The above disclosed subject matter is to be considered illustrative, and not restrictive, and the appended claims are intended to cover all such modifications, enhancements, and other embodiments, which fall within the true spirit and scope of the description. Thus, to the maximum extent allowed by law, the scope is to be determined by the broadest permissible interpretation of the following claims and their equivalents, and shall not be restricted or limited by the foregoing detailed description.
Claims
1. A computer-implemented method for identifying hotspots in a design layout under examination, the method comprising:
- accessing a training dataset that includes known hotspots and known non-hotspots for a training layout;
- for some or all of the known hotspots, determining one or both of a hotspot/hotspot separation between a respective known hotspot or a group of respective hotspots and one or more closest known hotspots or a hotspot/non-hotspot separation between the respective known hotspot or the group of respective hotspots and one or more closest known non-hotspots;
- determining, based on one or both of the hotspot/hotspot separation and the hotspot/non-hotspot separation for some or all of the known hotspots, one or more thresholds indicative of a hotspot;
- accessing a layout under examination, the layout under examination including indeterminate spots;
- for some or all of the indeterminate spots, determining one or both of an indeterminate/hotspot separation between a respective indeterminate spot or a group of respective indeterminate hotspots and one or more closest known hotspots or an indeterminate/non-hotspot separation between the respective indeterminate spot or the group of respective indeterminate hotspots and one or more closest known non-hotspots; and
- designating, using the one or more thresholds and one or both of the indeterminate/hotspot separation and the indeterminate/non-hotspot separation, some or all of the indeterminate spots as potential hotspots.

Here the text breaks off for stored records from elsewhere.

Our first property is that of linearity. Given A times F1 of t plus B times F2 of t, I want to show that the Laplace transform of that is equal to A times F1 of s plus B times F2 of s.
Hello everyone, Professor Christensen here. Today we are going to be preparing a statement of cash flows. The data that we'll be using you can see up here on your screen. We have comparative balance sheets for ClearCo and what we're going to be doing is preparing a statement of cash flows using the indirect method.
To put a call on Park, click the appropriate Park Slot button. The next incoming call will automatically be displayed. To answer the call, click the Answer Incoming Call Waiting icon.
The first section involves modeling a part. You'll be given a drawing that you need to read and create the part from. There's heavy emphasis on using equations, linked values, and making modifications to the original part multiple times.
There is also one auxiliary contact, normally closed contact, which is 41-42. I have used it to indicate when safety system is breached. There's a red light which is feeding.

2. The method of claim 1, wherein the known hotspots and known non-hotspots are represented by feature vectors; and
- wherein the hotspot/hotspot separation and the hotspot/non-hotspot separation are determined based on distances calculated between the feature vectors.
3. The method of claim 2, wherein the distances are Euclidean distances;
- wherein for the some or all of the known hotspots, determining both of: the hotspot/hotspot separation between the respective known hotspot or the group of respective hotspots and the one or more closest known hotspots; and the hotspot/non-hotspot separation between the respective known hotspot or the group of respective hotspots and the one or more closest known non-hotspots; and
- wherein the one or more thresholds are determined based on both of the hotspot/hotspot separation and the hotspot/non-hotspot separation for the some or all of the known hotspots.

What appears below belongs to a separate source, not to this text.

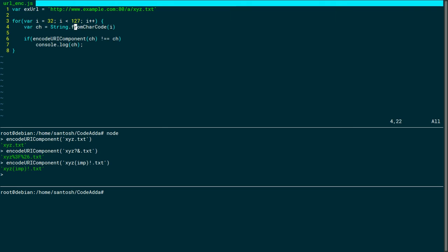I'm going to look at the file and get each character from its decimal code. If a character and its encoding are not the same, I'm going to print that character.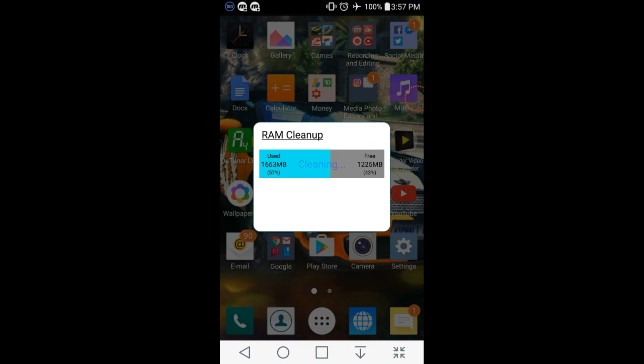So, you just tap it, tap the RAM Cleanup thing, and it'll just clean up all your RAM. At least it says it does that, and it does.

4. The method of claim 3, wherein the distances for the hotspot/hotspot separation are calculated between a closest hotspot/hotspot; and
- wherein the distances for the hotspot/non-hotspot separation are calculated between a closest hotspot/non-hotspot.
5. The method of claim 3, wherein the distances for the hotspot/hotspot separation are calculated by averaging distances between a respective hotspot and a predetermined number of closest hotspots, the predetermined number being greater than 1; and
- wherein the distances for the hotspot/non-hotspot separation are calculated by averaging distances between the respective hotspot and the predetermined number of closest hotspots.
6. The method of claim 3, wherein determining the hotspot/hotspot separation is between the group of respective hotspots and the one or more closest known hotspots; and
- wherein the hotspot/non-hotspot separation is between the group of respective hotspots and the one or more closest known non-hotspots.
7. The method of claim 3, wherein the feature vectors comprise n-dimensional feature vector; and
- further comprising one or both of: analyzing to determine a subset of m-dimensions of the n-dimensional feature vector (where m<n) to use for calculating the distance between the feature vectors; or analyzing to determine weights for some or all of dimensions in the n-dimensional feature vector to use for calculating the distance between the feature vectors.
8. The method of claim 3, wherein the feature vectors comprise n-dimensional feature vector; and
- further comprising: analyzing to determine a subset of m-dimensions of the n-dimensional feature vector (where m<n) to use for calculating the distance between the feature vectors; and analyzing to determine weights for some or all of dimensions in the n-dimensional feature vector to use for calculating the distance between the feature vectors.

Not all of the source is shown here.